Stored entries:
- Opening Delimiter -

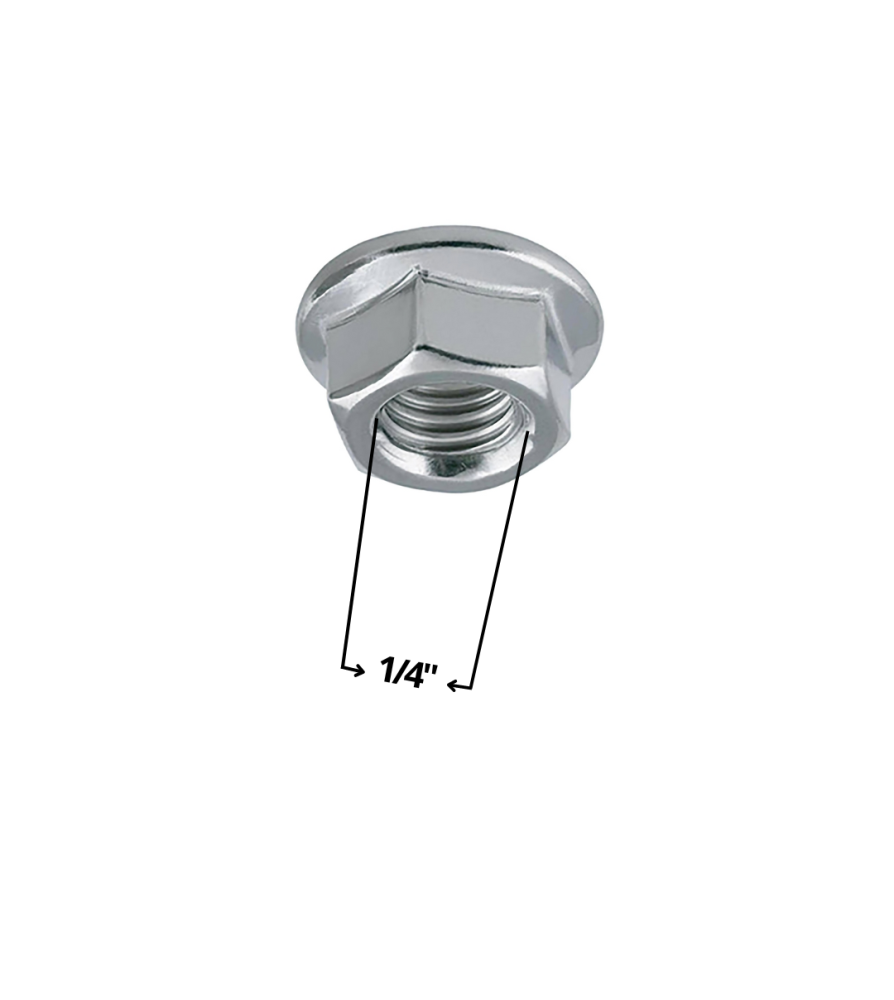 Tuerca Gorro Acero Cromo 1/4"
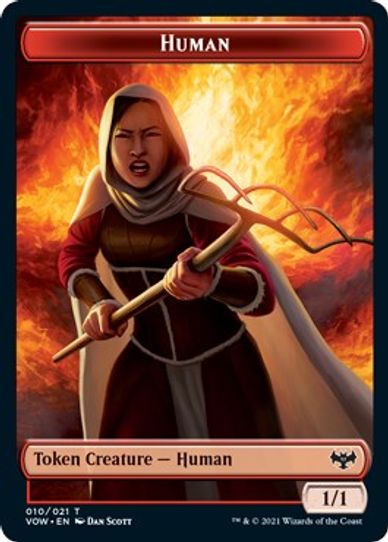 Copy // Human Double-sided Token [Innistrad: Crimson Vow]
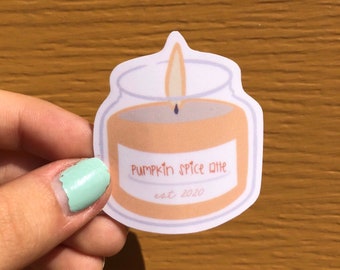 pumpkin spice latte candle sticker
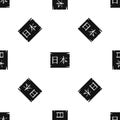 Japanese characters pattern seamless black Royalty Free Stock Photo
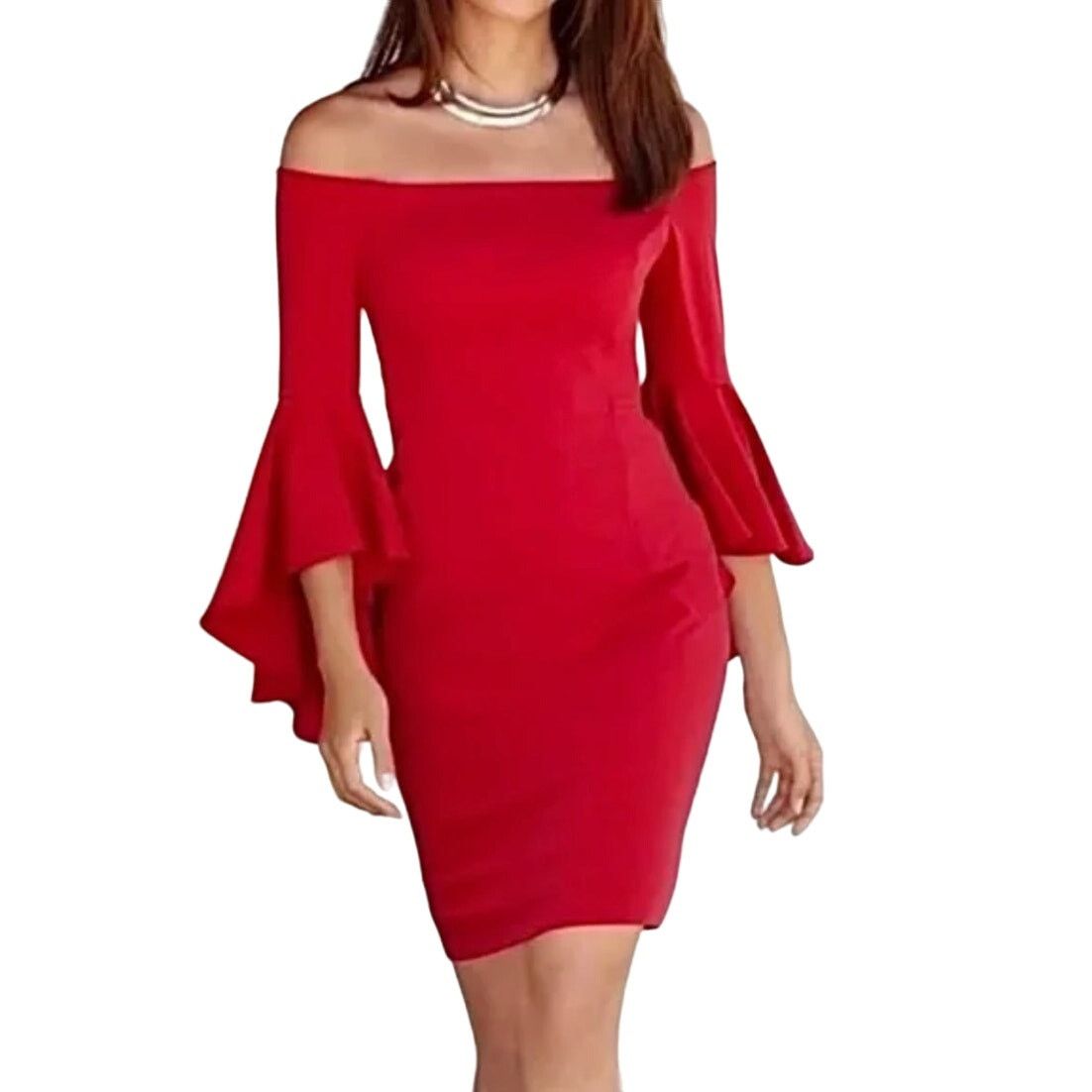 open lace back dress V Neck Smocked Maxi Dress - Red main image 1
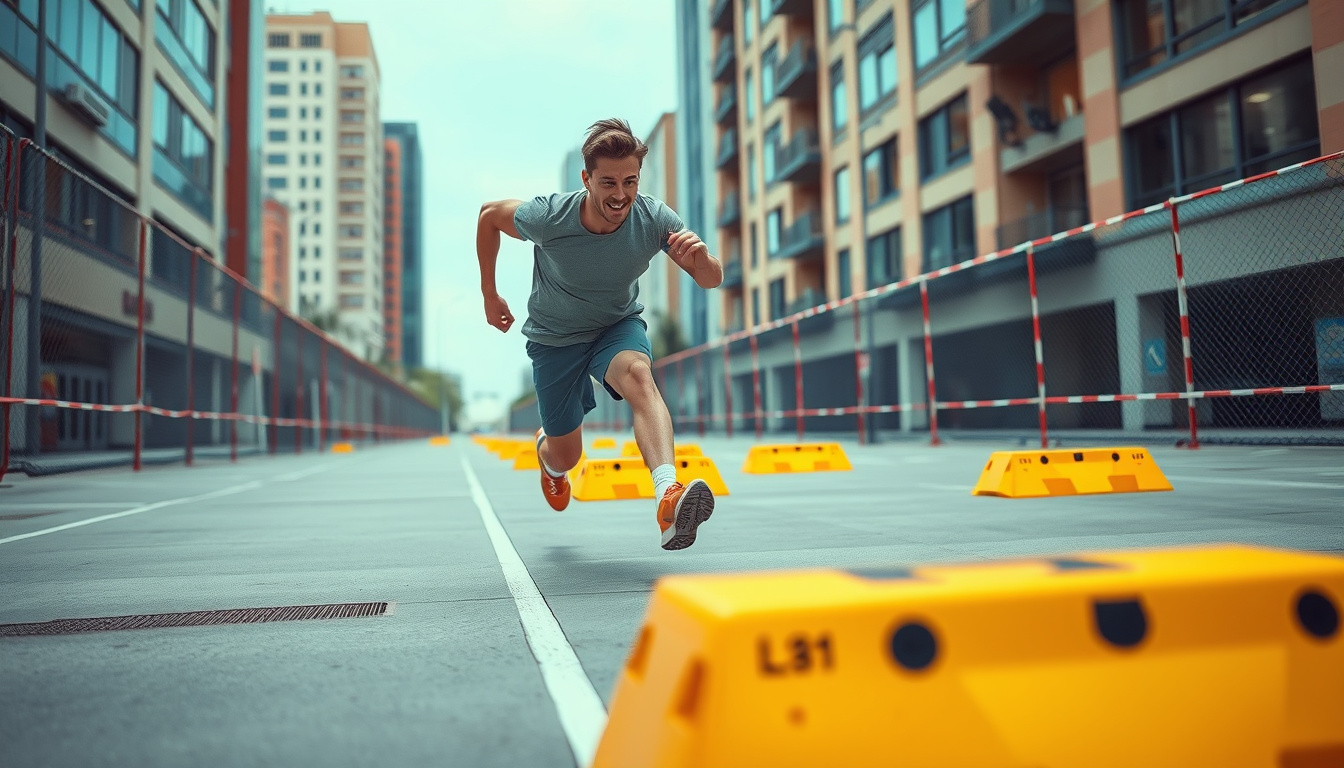  Agile athlete running through urban obstacle course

- Closing Delimiter -

* **Your assignment**: No pictures belong in the copy: reproduce exactly the lines above from the one that contains "pumpkin spice latte candle sticker" through the last line of the entries.

* **Exercise response**:
 pumpkin spice latte candle sticker
 Japanese characters pattern seamless black Royalty Free Stock Photo
 open lace back dress V Neck Smocked Maxi Dress - Red main image 1
  Agile athlete running through urban obstacle course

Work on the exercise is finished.